I decide to BART over and walk up to our meeting place. He selected the one place I actually know in Oakland so I was happy for that. Of course, I arrive early. I text him that I am there and will grab a table. He texts back that he is still 10 minutes out with bad traffic. It is friday afternoon after all and peak traffic time.
When he finally arrives, mmmm, he is tall and gangly. more handsome than his pictures which make him look a bit goofy. He orders us a drink – he is going non-alcohol and i have a gin and tonic.
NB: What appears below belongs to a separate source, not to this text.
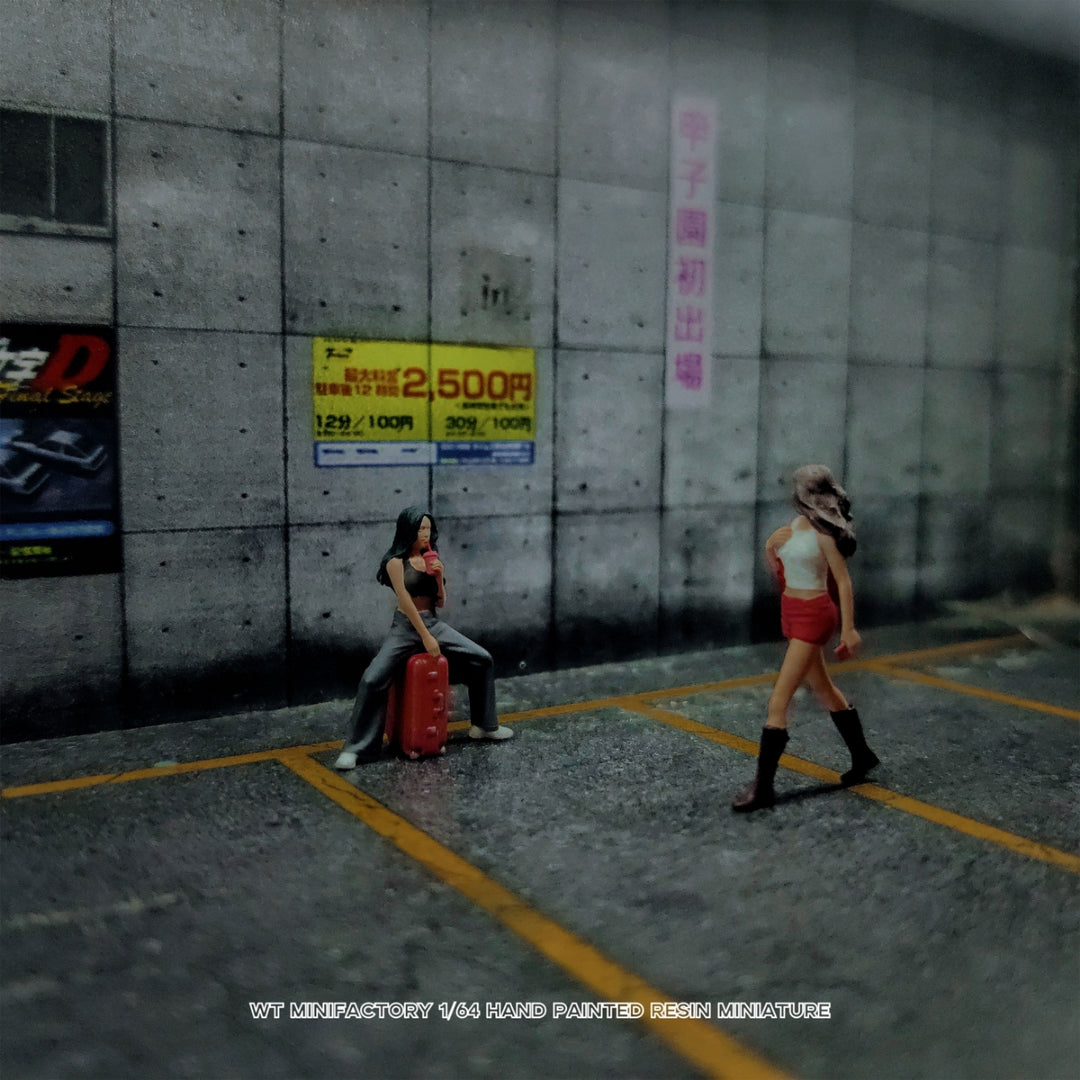 [Preorder] WT Minifactory 1:64 Girls on the Road Duo WT2025060608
We talk about past lives (old jobs, old places lived) some talking about physics, finance, ux design – our jobs, not being married ever. Then we are off to go to look at art. We make the rounds of a variety of galleries, discuss some of the art and make our way out to the street to the vendors there and into a bus which has pics from burning man. Turns out the the first two are images of his piece he made last year for burning man. He describes a very cool project and shows how it works with the two photos.
He has to talk to the proprietor of the bus and ask about the images and who made them. He gets her contact info. Then we head over to the next street and explore a bit, stopping for a tamale in one of the big open warehouse areas full of artisan stalls.
The next stop is the gallery where I have work and I get to show him some of my work which he says he liked.
Our last stop is an upstairs gallery which had some very cool sculptures and music going. It was like a party up there.
By this time though, we both hit our art wall – by now we had been viewing and discussing for 2-3 hours. Turns out he had been sick all week so he was fading fast.
I ask if he could either walk me or drive me to the BART station, because by now it was dark and it was about 10 blocks away through some sketchy areas that are worse than in the daylight. So we walk to his car and ride to BART.
He says he’d like to do it again and I say how about in SF and he smiles and says yes.
There was no kiss, no touching – when I touched his hand he admonished me to wash it because he was still sick – and then I got out of the car and headed away to go home. I am home by 9pm.
I later emailed him to give him my email address since i had his. He replied in the morning with a very sweet note but no mention of another date. I replied the next day and hinted at SF again but haven’t gotten a response.
So I’m pretty sure this won’t happen again which is sad because he was a super cute, engaging, smart guy who is my age, single, homeowner, with parents still married and the oldest child of 2.
Hmm maybe we are too much alike.
Argh – I hate this shit of waiting for the guy to make the next move and not knowing if there will be a next move.
The passive aggressive silence irritates the hell out of me. If you aren’t interested just say thanks but no thanks. I suppose I should just calm down because I have been the same but I hate the not knowing and because we are doing this online thing, we don’t have the overlapping social interactions and cues to just get it out in the open at commonly attended events or activities.
[postscript] three weeks later and I still haven’t heard from him. I guess the potential was just felt on my side and not his. Oh well.